**Task to carry out:** Return every line of the listing below, unchanged, from its first line to the line holding "Thumbnail: 2022 Mercedes-Benz E-Class - 3", that line included.

*** Records supplied Section Begins ***

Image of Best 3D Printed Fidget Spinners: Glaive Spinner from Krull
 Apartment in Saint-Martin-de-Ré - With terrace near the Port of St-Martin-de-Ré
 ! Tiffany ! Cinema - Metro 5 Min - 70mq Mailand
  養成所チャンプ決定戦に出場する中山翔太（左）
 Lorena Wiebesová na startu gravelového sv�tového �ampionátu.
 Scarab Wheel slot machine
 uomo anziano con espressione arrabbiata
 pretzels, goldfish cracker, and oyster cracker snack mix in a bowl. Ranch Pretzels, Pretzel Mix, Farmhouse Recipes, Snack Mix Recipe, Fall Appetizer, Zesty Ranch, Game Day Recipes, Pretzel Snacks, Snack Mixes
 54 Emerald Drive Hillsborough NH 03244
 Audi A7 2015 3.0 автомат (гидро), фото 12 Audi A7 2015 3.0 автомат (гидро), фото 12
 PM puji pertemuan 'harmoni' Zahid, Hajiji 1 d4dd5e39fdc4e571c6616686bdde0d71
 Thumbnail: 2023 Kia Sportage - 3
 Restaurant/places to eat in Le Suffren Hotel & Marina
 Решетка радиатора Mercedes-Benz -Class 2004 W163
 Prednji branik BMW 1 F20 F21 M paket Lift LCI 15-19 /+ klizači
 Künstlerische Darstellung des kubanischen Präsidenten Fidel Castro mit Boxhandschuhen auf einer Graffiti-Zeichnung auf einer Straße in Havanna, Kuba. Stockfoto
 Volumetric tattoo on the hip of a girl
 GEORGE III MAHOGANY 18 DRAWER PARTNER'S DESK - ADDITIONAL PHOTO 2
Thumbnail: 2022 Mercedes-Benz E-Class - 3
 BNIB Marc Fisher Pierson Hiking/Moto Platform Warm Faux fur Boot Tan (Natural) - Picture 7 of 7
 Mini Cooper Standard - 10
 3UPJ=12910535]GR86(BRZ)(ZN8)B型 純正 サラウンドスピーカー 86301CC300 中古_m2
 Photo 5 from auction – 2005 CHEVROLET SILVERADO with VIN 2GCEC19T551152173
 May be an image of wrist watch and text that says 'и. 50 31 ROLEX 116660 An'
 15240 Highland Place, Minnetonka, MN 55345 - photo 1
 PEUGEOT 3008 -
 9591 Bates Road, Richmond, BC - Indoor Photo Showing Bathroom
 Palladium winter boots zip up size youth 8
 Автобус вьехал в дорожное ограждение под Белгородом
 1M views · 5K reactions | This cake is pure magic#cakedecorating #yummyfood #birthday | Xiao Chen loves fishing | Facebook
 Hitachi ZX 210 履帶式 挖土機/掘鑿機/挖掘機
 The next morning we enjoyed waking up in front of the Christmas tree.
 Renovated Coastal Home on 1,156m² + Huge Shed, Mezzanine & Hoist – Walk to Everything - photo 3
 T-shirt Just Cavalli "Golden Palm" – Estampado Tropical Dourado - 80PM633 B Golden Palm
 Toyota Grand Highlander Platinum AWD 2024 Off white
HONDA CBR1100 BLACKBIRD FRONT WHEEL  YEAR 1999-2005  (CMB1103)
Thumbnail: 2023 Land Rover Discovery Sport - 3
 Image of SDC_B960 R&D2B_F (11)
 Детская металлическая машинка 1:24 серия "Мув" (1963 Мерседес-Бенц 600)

*** Records supplied Section Ends ***

**Answer for the task:**
Image of Best 3D Printed Fidget Spinners: Glaive Spinner from Krull
 Apartment in Saint-Martin-de-Ré - With terrace near the Port of St-Martin-de-Ré
 ! Tiffany ! Cinema - Metro 5 Min - 70mq Mailand
  養成所チャンプ決定戦に出場する中山翔太（左）
 Lorena Wiebesová na startu gravelového sv�tového �ampionátu.
 Scarab Wheel slot machine
 uomo anziano con espressione arrabbiata
 pretzels, goldfish cracker, and oyster cracker snack mix in a bowl. Ranch Pretzels, Pretzel Mix, Farmhouse Recipes, Snack Mix Recipe, Fall Appetizer, Zesty Ranch, Game Day Recipes, Pretzel Snacks, Snack Mixes
 54 Emerald Drive Hillsborough NH 03244
 Audi A7 2015 3.0 автомат (гидро), фото 12 Audi A7 2015 3.0 автомат (гидро), фото 12
 PM puji pertemuan 'harmoni' Zahid, Hajiji 1 d4dd5e39fdc4e571c6616686bdde0d71
 Thumbnail: 2023 Kia Sportage - 3
 Restaurant/places to eat in Le Suffren Hotel & Marina
 Решетка радиатора Mercedes-Benz -Class 2004 W163
 Prednji branik BMW 1 F20 F21 M paket Lift LCI 15-19 /+ klizači
 Künstlerische Darstellung des kubanischen Präsidenten Fidel Castro mit Boxhandschuhen auf einer Graffiti-Zeichnung auf einer Straße in Havanna, Kuba. Stockfoto
 Volumetric tattoo on the hip of a girl
 GEORGE III MAHOGANY 18 DRAWER PARTNER'S DESK - ADDITIONAL PHOTO 2
Thumbnail: 2022 Mercedes-Benz E-Class - 3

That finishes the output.